Jon McCarthy

Personal information
- Full name: Jonathan David McCarthy
- Date of birth: 18 August 1970 (age 55)
- Place of birth: Middlesbrough, England
- Height: 5 ft 10 in (1.78 m)
- Position: Winger

Senior career*
- Years: Team / Apps / (Gls)
- 1987–1989: Hartlepool United / 1 / (0)
- 1989–1990: Shepshed Charterhouse
- 1990–1995: York City / 199 / (31)
- 1995–1997: Port Vale / 94 / (11)
- 1997–2002: Birmingham City / 124 / (8)
- 2002: → Sheffield Wednesday (loan) / 4 / (0)
- 2002: Port Vale / 8 / (0)
- 2002: Doncaster Rovers / 1 / (0)
- 2002: York City / 1 / (0)
- 2002–2003: Carlisle United / 21 / (1)
- 2003–2004: Hucknall Town / 34 / (6)
- 2004–2007: Northwich Victoria / 95 / (1)
- Total:  / 582 / (58)

International career
- 1996–1998: Northern Ireland B / 2 / (0)
- 1996–2001: Northern Ireland / 18 / (0)

Managerial career
- 2016–2017: Chester

= Jon McCarthy =

Association football player (born 1970)

Jonathan David McCarthy (born 18 August 1970) is a former professional football player and manager.

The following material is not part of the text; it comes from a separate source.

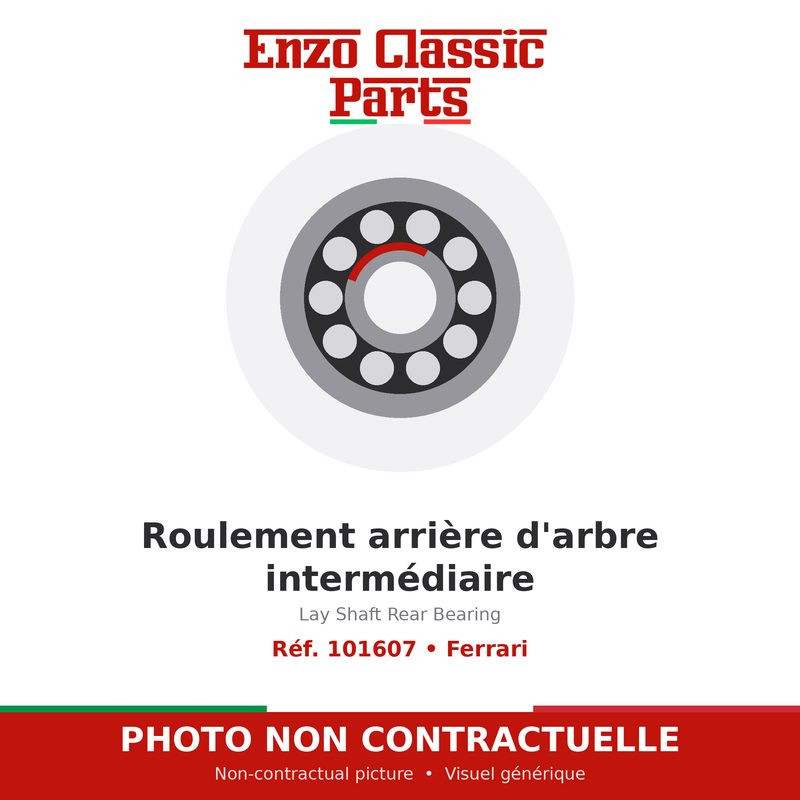 Ferrari - Roulement arrière d'arbre intermédiaire - Réf. 101607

McCarthy played as a winger and made around 700 appearances in his career, many of which were in the English Football League. Twice a Northern Ireland B international, he went on to win 18 senior caps for Northern Ireland. He began his career at Hartlepool United in 1987 before heading into the non-League scene with Shepshed Charterhouse in 1989. He returned to the professional game the following year after signing a contract with York City. He spent the next five years with the club, helping York to promotion via the play-offs in 1993, and twice being voted Clubman of the Year. In 1995, he joined Port Vale for a £450,000 fee. In his first year at Vale Park, he was awarded the club's Player of the Year award and also played in the Anglo-Italian Cup final.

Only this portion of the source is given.